What the exercise asks: Below are some records. Return exactly the lines from the one containing "Handgefertigter Esstisch aus" through the one containing "kung ord trippy", both included, and only those.

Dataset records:
"""

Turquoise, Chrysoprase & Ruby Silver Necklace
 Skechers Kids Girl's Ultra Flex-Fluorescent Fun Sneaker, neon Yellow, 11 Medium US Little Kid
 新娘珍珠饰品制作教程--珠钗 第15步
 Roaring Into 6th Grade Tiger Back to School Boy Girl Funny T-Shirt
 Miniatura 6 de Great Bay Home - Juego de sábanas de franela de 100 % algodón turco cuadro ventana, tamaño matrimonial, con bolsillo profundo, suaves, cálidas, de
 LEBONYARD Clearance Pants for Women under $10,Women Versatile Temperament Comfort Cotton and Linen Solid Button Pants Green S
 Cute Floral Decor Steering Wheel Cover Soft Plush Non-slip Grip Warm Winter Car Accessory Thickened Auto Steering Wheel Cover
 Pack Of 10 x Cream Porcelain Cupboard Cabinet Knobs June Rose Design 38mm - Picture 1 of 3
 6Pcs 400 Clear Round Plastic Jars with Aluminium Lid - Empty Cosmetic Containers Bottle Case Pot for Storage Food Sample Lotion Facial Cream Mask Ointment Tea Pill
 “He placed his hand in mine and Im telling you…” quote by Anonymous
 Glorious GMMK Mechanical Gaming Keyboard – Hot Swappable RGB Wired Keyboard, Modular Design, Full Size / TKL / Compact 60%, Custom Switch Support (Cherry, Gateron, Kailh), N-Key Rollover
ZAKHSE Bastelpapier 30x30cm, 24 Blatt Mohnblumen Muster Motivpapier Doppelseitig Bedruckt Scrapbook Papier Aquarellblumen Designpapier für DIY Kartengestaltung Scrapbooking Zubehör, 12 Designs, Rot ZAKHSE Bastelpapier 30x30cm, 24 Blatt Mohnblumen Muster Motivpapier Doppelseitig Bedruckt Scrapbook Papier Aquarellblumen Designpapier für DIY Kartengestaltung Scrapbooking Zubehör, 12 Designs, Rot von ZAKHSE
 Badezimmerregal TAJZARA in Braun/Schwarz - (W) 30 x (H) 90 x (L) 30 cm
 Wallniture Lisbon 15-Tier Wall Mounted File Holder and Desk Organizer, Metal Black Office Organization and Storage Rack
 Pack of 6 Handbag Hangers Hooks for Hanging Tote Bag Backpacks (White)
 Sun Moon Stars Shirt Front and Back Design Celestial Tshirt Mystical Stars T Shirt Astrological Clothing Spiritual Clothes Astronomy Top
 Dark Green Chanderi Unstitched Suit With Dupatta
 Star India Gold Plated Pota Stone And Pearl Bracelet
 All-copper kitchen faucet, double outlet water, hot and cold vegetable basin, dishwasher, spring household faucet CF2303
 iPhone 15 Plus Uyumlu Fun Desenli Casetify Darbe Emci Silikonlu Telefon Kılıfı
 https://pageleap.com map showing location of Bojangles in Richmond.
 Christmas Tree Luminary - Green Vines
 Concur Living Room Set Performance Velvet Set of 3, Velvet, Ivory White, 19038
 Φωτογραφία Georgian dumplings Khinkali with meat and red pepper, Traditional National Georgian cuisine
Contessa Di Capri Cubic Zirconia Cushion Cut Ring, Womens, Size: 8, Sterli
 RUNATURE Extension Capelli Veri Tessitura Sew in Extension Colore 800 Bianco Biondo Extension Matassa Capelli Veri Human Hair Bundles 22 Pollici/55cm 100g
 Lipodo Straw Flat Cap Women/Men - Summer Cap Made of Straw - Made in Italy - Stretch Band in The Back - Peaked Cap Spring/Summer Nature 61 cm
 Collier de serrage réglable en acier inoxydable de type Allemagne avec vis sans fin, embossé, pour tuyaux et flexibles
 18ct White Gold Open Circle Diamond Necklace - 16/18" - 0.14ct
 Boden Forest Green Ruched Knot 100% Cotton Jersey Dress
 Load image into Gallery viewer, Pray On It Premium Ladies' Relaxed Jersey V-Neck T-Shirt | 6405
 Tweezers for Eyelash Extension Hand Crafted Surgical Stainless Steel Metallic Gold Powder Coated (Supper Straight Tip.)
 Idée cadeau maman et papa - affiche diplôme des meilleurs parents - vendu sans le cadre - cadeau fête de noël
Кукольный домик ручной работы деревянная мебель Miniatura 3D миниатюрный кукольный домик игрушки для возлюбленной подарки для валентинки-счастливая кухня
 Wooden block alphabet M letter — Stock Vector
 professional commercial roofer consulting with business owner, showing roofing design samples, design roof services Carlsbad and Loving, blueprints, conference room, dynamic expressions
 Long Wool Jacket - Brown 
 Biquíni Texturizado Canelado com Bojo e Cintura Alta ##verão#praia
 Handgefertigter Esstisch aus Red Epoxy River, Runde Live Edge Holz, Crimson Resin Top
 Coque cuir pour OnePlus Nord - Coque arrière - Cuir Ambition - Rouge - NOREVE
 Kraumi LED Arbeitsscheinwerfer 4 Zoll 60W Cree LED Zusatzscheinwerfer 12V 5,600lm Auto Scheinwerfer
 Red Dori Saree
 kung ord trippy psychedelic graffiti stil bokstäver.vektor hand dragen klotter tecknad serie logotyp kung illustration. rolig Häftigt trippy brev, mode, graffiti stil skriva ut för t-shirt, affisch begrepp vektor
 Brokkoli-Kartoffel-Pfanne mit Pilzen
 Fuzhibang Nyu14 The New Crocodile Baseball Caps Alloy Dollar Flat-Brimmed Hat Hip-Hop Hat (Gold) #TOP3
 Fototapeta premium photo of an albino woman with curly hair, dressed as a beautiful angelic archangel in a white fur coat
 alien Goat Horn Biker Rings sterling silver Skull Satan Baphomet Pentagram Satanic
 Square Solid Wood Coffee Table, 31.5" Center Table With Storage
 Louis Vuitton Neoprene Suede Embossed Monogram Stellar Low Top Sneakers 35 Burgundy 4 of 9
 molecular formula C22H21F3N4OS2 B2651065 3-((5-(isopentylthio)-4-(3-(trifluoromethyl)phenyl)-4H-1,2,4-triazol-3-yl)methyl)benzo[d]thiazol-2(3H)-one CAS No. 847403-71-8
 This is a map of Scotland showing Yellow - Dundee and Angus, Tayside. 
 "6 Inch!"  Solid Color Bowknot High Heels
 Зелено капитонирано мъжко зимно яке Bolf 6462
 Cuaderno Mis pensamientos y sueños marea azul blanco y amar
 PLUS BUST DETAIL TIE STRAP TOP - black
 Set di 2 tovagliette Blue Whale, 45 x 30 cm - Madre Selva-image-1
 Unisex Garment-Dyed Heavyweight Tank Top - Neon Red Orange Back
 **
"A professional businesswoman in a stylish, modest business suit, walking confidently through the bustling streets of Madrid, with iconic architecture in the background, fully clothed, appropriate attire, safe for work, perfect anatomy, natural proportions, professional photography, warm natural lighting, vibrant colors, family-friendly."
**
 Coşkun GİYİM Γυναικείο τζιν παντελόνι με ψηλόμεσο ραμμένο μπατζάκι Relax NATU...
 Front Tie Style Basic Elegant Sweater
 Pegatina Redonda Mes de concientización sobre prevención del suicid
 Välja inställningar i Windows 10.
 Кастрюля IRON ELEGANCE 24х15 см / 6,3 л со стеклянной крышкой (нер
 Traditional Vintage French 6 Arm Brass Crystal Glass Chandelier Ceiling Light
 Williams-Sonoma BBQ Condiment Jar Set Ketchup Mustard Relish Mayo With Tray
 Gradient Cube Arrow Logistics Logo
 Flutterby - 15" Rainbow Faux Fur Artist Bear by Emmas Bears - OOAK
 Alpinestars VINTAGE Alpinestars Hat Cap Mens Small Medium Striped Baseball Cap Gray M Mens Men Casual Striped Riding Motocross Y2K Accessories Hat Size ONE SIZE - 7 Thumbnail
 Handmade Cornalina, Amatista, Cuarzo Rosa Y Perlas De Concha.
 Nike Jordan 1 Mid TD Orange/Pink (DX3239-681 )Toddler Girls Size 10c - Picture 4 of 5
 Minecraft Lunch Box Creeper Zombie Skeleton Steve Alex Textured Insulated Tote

"""

Solution to this exercise:
 Handgefertigter Esstisch aus Red Epoxy River, Runde Live Edge Holz, Crimson Resin Top
 Coque cuir pour OnePlus Nord - Coque arrière - Cuir Ambition - Rouge - NOREVE
 Kraumi LED Arbeitsscheinwerfer 4 Zoll 60W Cree LED Zusatzscheinwerfer 12V 5,600lm Auto Scheinwerfer
 Red Dori Saree
 kung ord trippy psychedelic graffiti stil bokstäver.vektor hand dragen klotter tecknad serie logotyp kung illustration. rolig Häftigt trippy brev, mode, graffiti stil skriva ut för t-shirt, affisch begrepp vektor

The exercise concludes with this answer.